Robin Murphy and Thomas Manzini R. Murphy and T. Manzini are with Texas A&M University, College Station, TX, USA, and the Center for Robot-Assisted Search and Rescue

Abstract

This paper describes gaps in acquisition of drone imagery that impair the use with computer vision/machine learning (CV/ML) models and makes five recommendations to maximize image suitability for CV/ML post-processing. It describes a notional work process for the use of drones in wilderness search and rescue incidents. The large volume of data from the wide area search phase offers the greatest opportunity for CV/ML techniques because of the large number of images that would otherwise have to be manually inspected.

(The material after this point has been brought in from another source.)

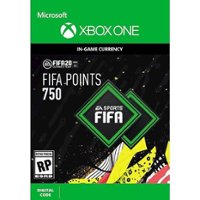 FIFA 20 Ultimate Team 750 Points [Digital] - Front_Zoom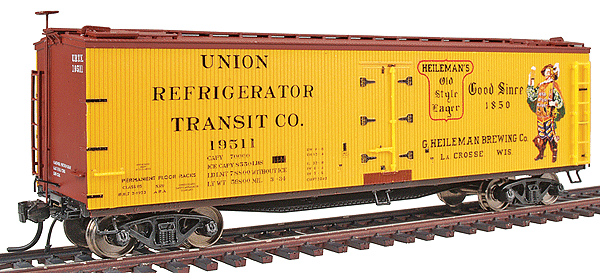 40' Wood Reefer -- Heilemans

The 2023 Wu-Murad search in Japan, one of the largest missing person searches conducted in that area, serves as a case study. Although drone teams conducting wide area searches may not know in advance if the data they collect is going to be used for CV/ML post-processing, there are data collection procedures that can improve the search in general with automated collection software. If the drone teams do expect to use CV/ML, then they can exploit knowledge about the model to further optimize flights. The paper identifies opportunities for AI path planning for image acquisition, including managing altitude and adaption to mountainous terrain, multirobot coordination and tasking, and platform design, especially in terms of choice of sensors and software functionality.

I Introduction

Small uncrewed aerial systems (sUAS), commonly referred to as drones, have been credited for saving 1002 lives in 600 incidents in 39 countries [1]. However, there is a surprising lack of application of computer vision/machine learning (CV/ML) methods for finding missing persons in wilderness search and rescue (WiSAR). While numerous papers, too many to cite, discuss the potential for CV/ML, only three incidents appear have used it for a real incident. Of those three, only one—a 2021 deployment by a team in Poland using the SARUAV system—successfully identified the missing person [2, 3]. Two other attempts, the 2015 Blanco River Texas floods [4] and the 2023 Wu-Murad missing person in Japan [5], did not find the persons.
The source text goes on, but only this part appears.